In his article ‘The Concept of Emotion in Classical Indian Philosophy’ in Sanford Encyclopedia of Philosophy, Joerg Tuske argues that classical South Asian religio-philosophical traditions commonly focus on the eradication of emotion. However, there exist in the subcontinent influential traditions that aim at transforming emotions rather than removing them. They might be called the school of devotion or bhakti, to use an emic term. Bhakti advocates argued that binding emotions can become soteriologically effective if they are directed towards God. By the time this idea reached Bengal in the early modern period, it acquired sophistication through its encounter with cosmopolitan Sanskrit traditions. For example, Rūpa Gosvāmī in the sixteenth century presented an innovative analysis of devotion through the terminology of dramatology and rhetoric. In this paper, I shall examine the way in which Rūpa analyzes various shades of devotional emotions through the lens of color science that was developed in classical Sanskrit dramatology.

Angelika C. Messner

The Logic of the Concrete in Chinese Emotion Practices

Sacred sites in Chinese history and present have been investigated in their multiple identities: as part of imperial ritual (Emperors throughout journeyed to sacred mountains in order to perform rituals to legitimate their political power), as part of mysticism, as part of life and fertility performances (women, as part of pilgrimage associations or with their family members, came to pray for baby sons), as part of death and purgatory sites (male villagers came to pray for departed ancestors), as part of Confucian, Buddhist and Daoist sites of worship and ritual, as sites for performing self cultivation and rectification of the minds.

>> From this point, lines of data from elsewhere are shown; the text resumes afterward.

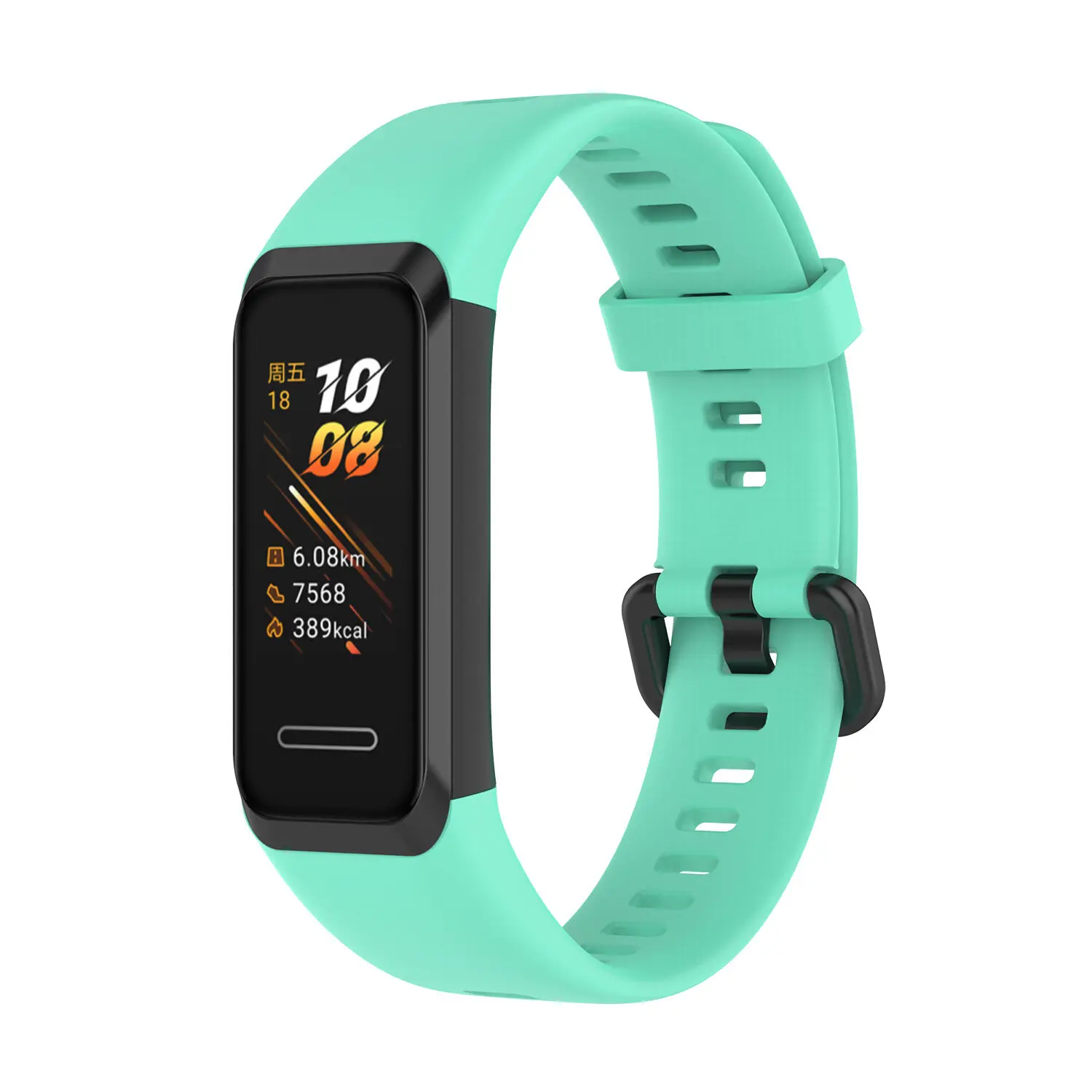 TPU Strap for Huawei Band 4 Watchband Band4 Huawei4 Straps Bracelet De Montre Correa De Reloj Pasek Do Zegarka Replacement Band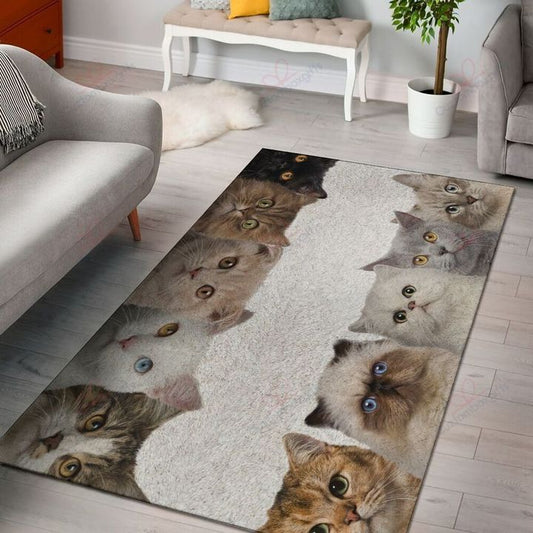 Cat Carpet Area Rug 3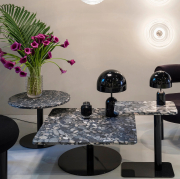Lampa bezprzewodowa Bell Led czarna Tom Dixon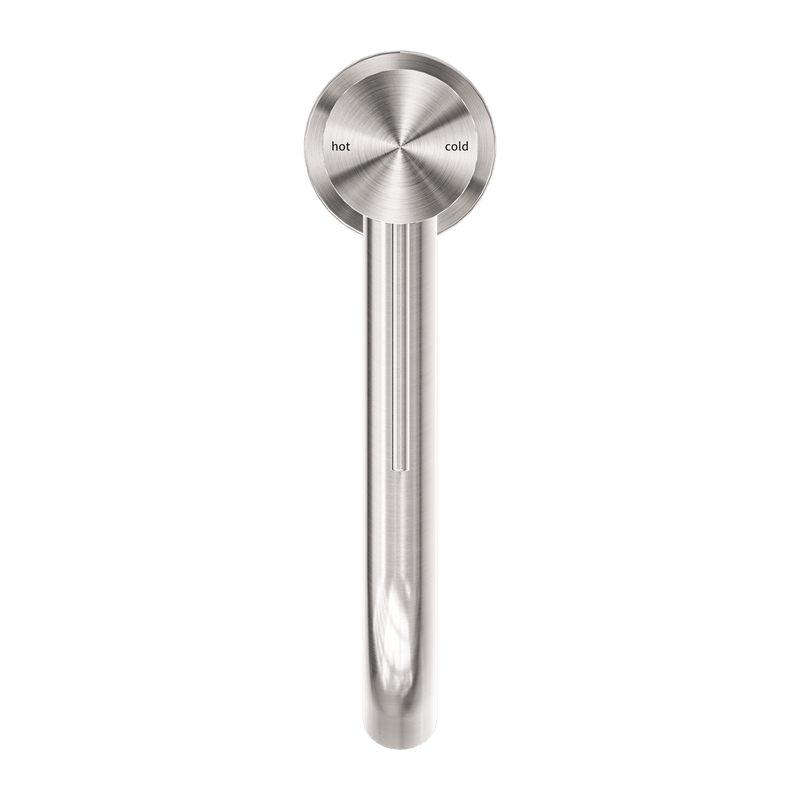 Nero Mecca Tall Basin Mixer Brushed Nickel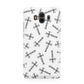 Monochrome Crosses Huawei Mate 10 Protective Phone Case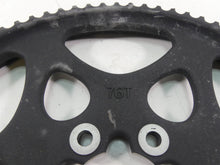 Load image into Gallery viewer, 2009 Buell 1125 CR Rear Drive Belt Pulley Sprocket 76T G0400.1ATB | Mototech271
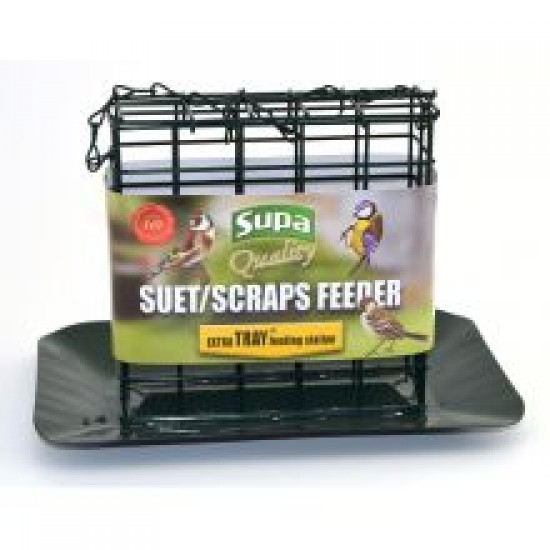 Supa Suet & Scrap Feeder & Tray Supa Suet & Scrap Feeder & Tray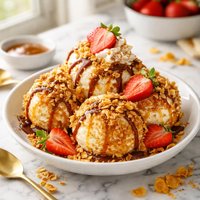 Not Fried Fried Ice Cream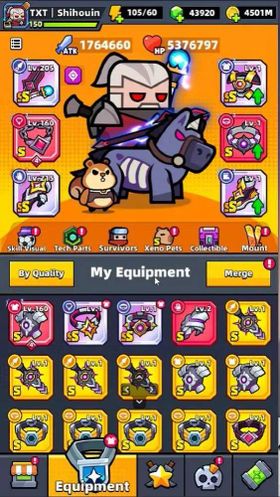 Global|5 S-Tier (Venato A5,Taloxa A4)|4 SP-Tier (Donatello A2,Raphael A2)|Doomsteed|1.76M ATK,5.37M HP,64K Gems|Android|TA1376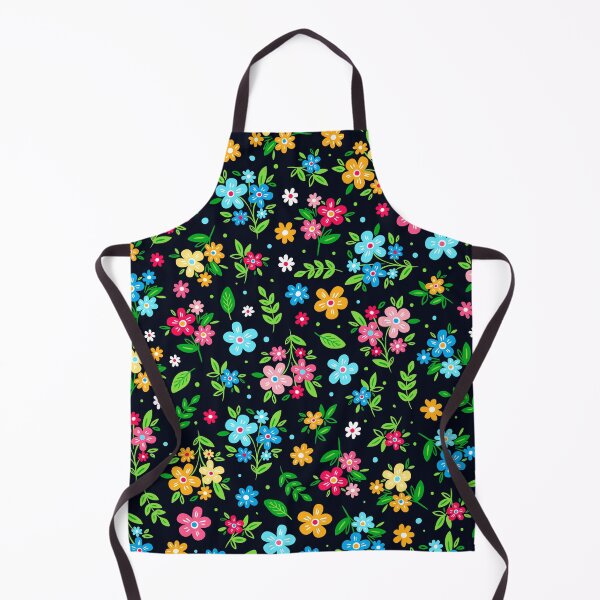 Item preview, Colorful Ditsy Floral Print designed and sold by SSK Designs.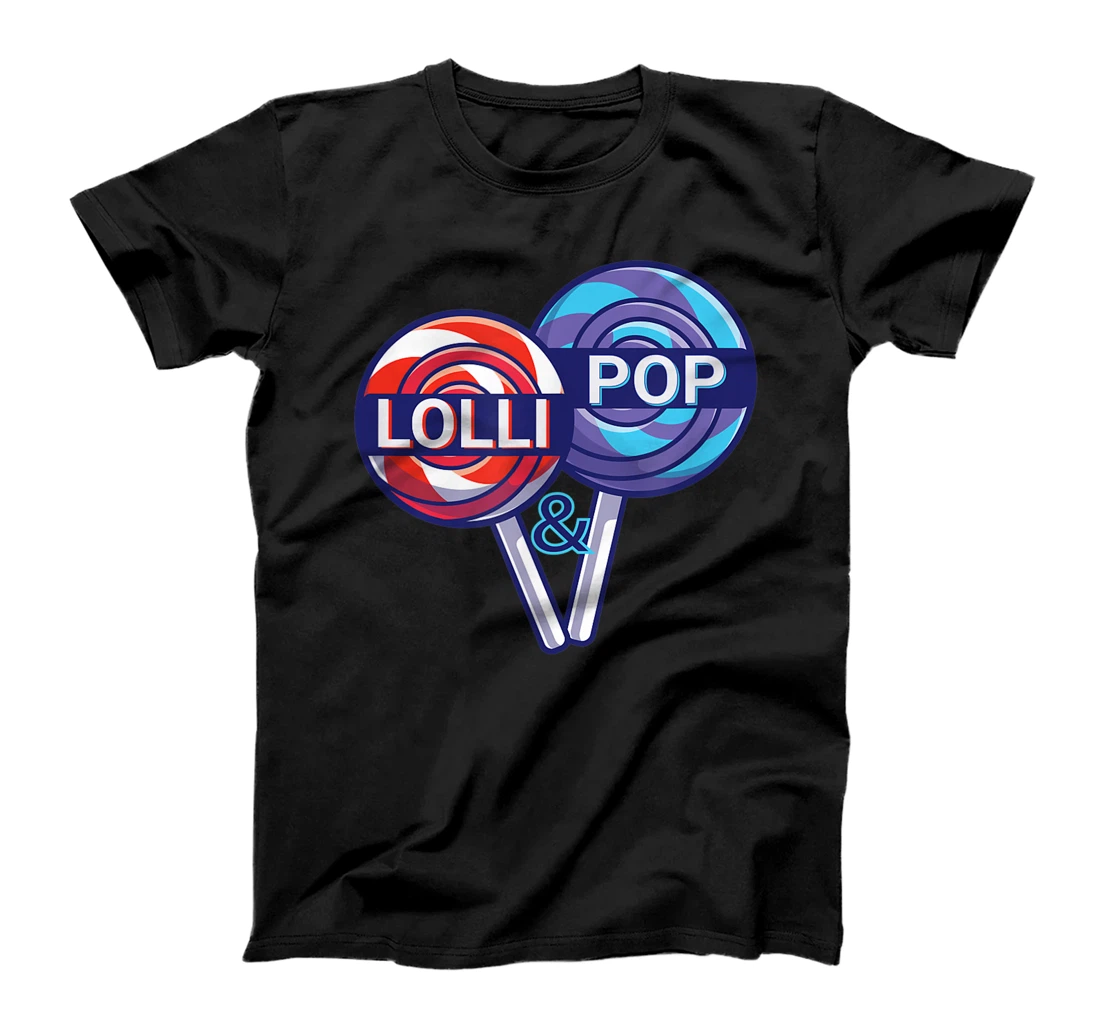 Lolli & Pop Lolly Pop Established Couples Grandparents Shirt T-Shirt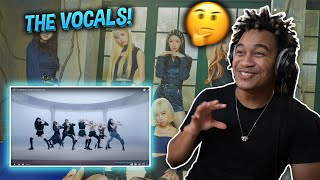 퍼플키스PURPLE KISS Ponzona MV  REACTION [upl. by Assiron]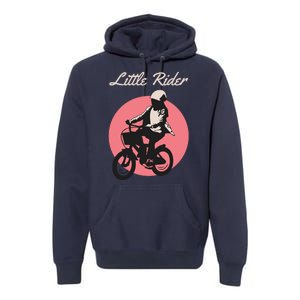 Cycling Little Rider Premium Hoodie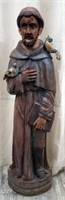 ST. FRANCIS FOLK SCULPTURE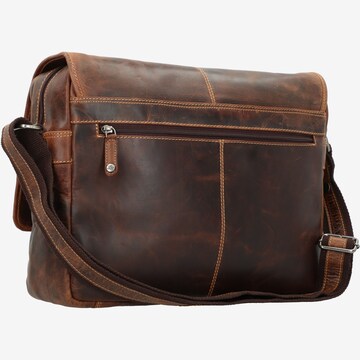 Billy the kid Laptoptasche in Braun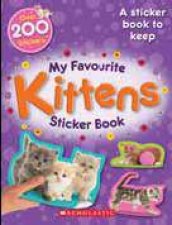 My Favourite Kittens Sticker Book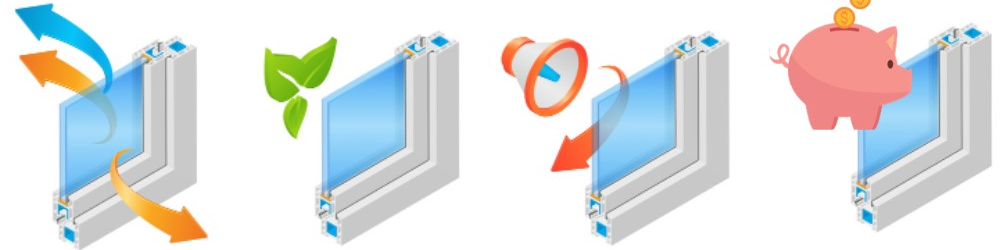 Energy Efficient Windows With Solar Control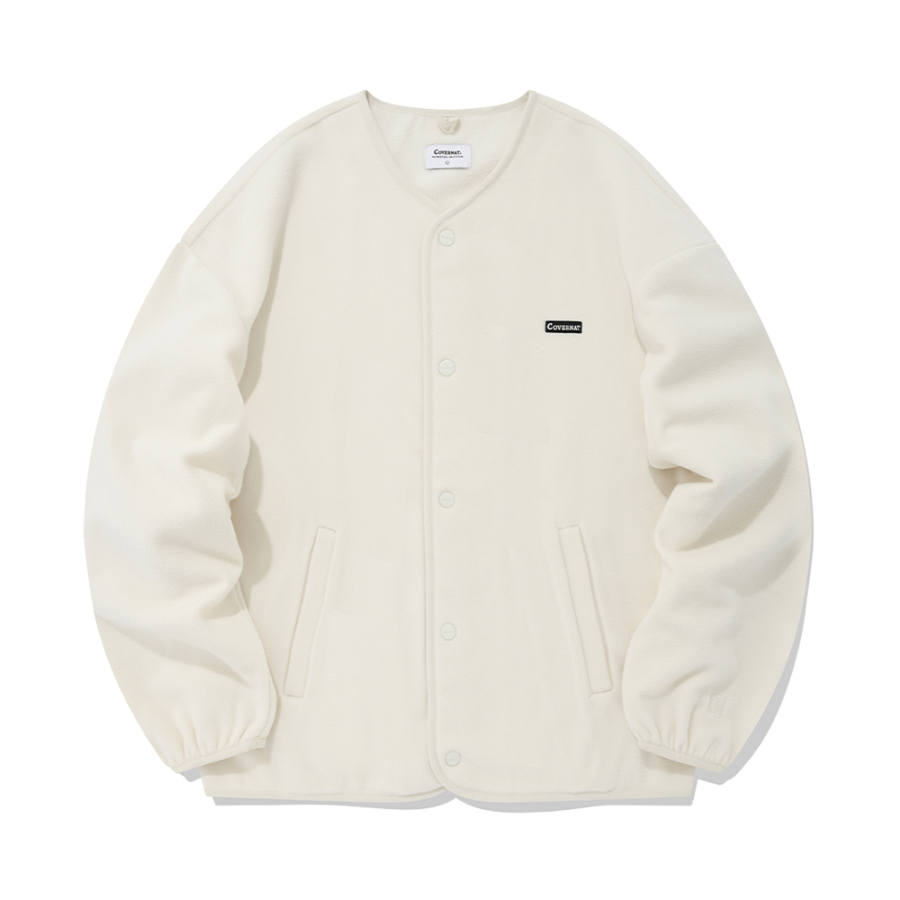 COVERNAT COVERNAT Jacket Unisex Ivory White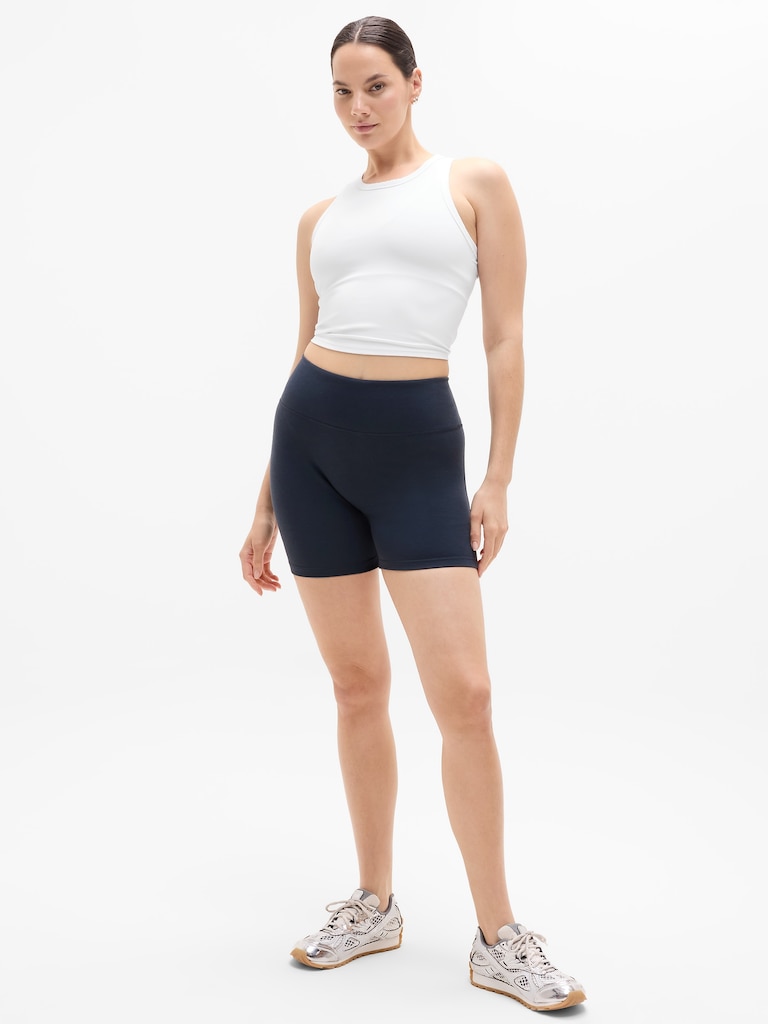 Intuition High Rise 5” Cotton Short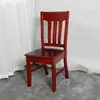 Silla de madera maciza silla de comedor silla con respaldo sin instalación taburete de madera maciza pura hogar simple restaurante mesa de comedor china silla
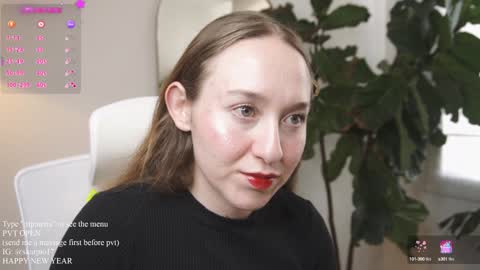 Snapshot of skarpio17 chatting on January 8, 8:07 pm Im Scarlett ONLINE 5pm-10pm NYC time online show from January 8, 8:07 pm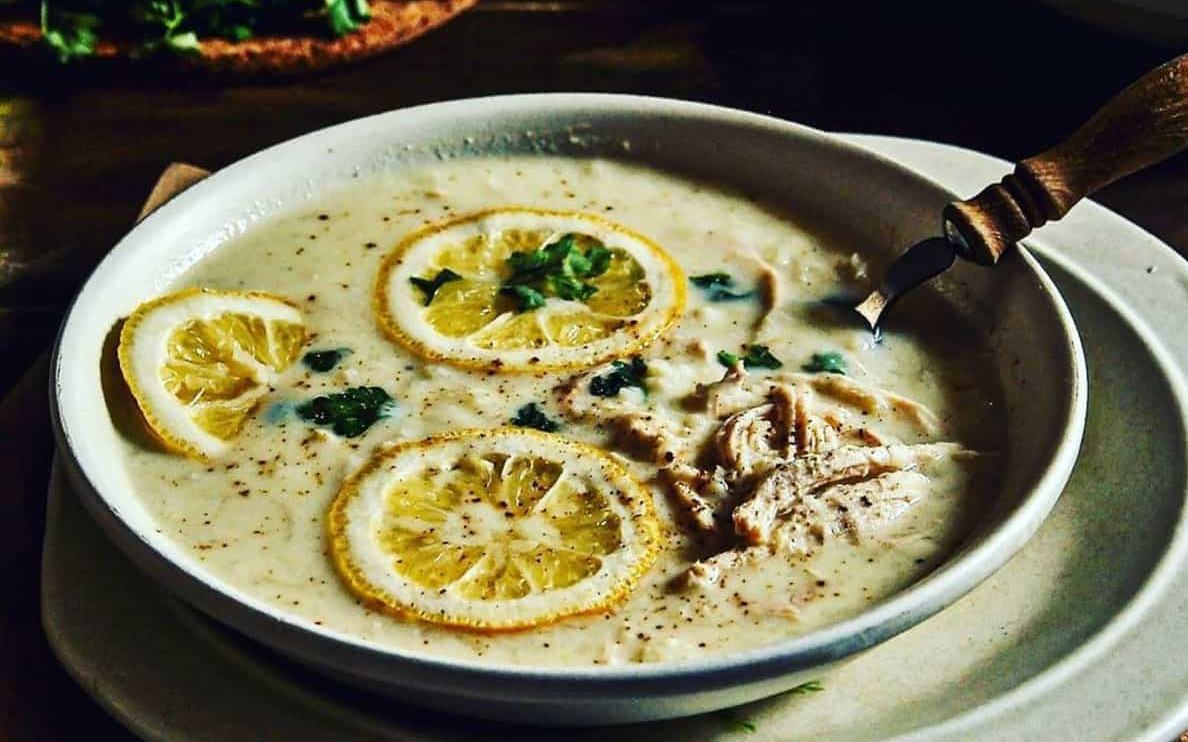 سوپ یونانی - سوپ برای افطار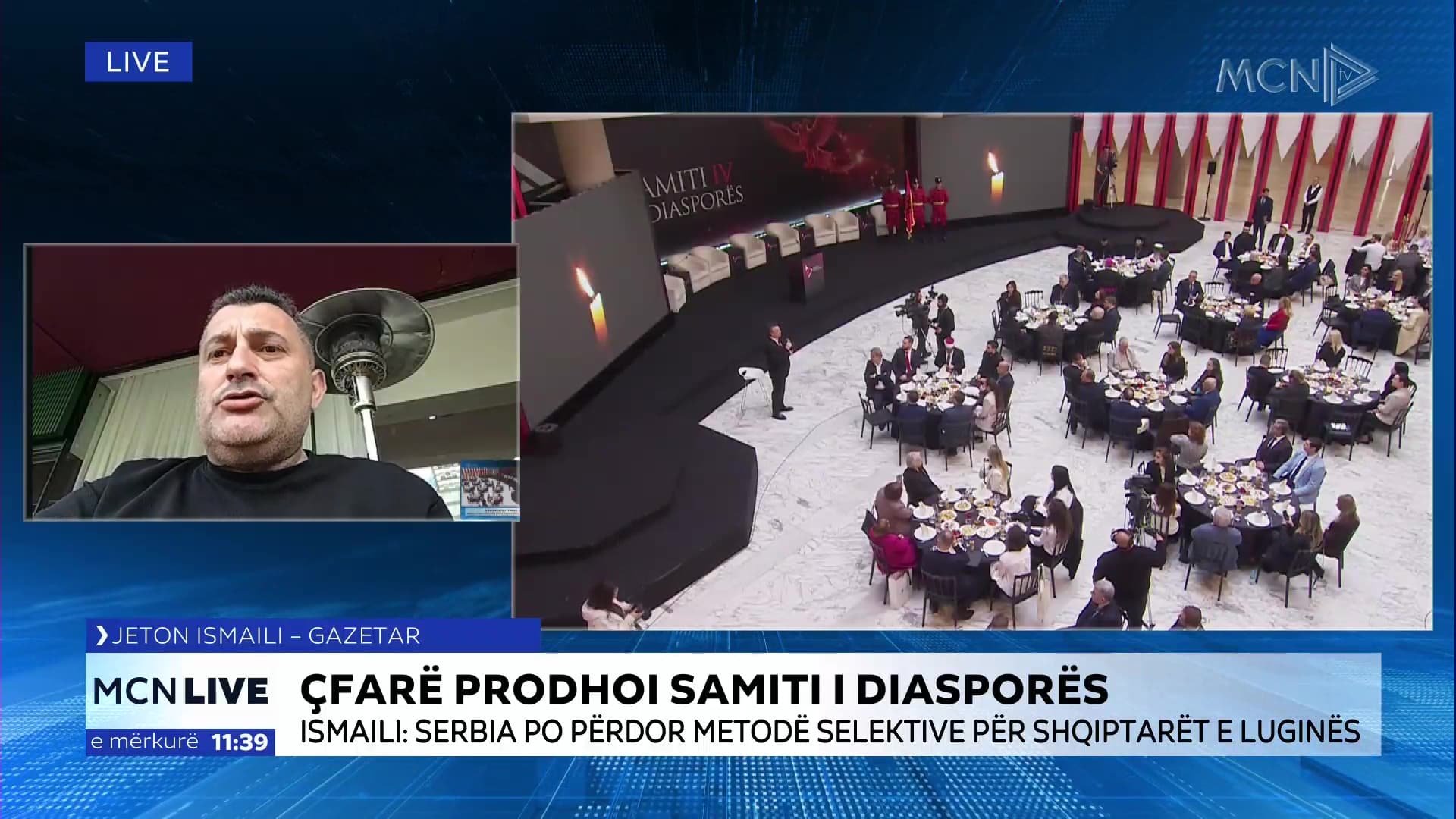 Ismaili: E padrejtë që Lugina e Preshevës të prezantohet si diasporë në Samitin e Diasporës (VIDEO)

With a strong focus on practice and embodiment and by breaking away from a single discipline approach my paper is concerned with the question why people were supposed to achieve the Sacred and why and how people narrated their own encounters with the Sacred.

Irene Galandra Cooper

Cose di casa: licit and illicit domestic piety in Cinquecento Naples

What did it mean to be a good Catholic in Renaissance Naples? Agnus Dei and rosaries were often recorded amongst the ‘Cose di Casa’ listed in post-mortem inventories at the end of the Cinquecento. Verbs and adjectives that accompany these long-gone religious objects, such as ‘a corona da dire’ or ‘la cara cona della nostra donna’, evoke the devotional nature of the object and emphasise the deceased’s piety. As practices related to these objects became signposts of new Christian vigour in the battle against heresy during the aftermath of the Council of Trent, these documents and objects tell the stories of devout Christians. However, Inquisition trials found in the Archivio Storico Diocesano of Naples convey another story. Focussing on case-studies, and combining a variety of sources, this paper will explore the licit and illicit use of small devotional objects at the pivotal moment of change following the Council of Trent.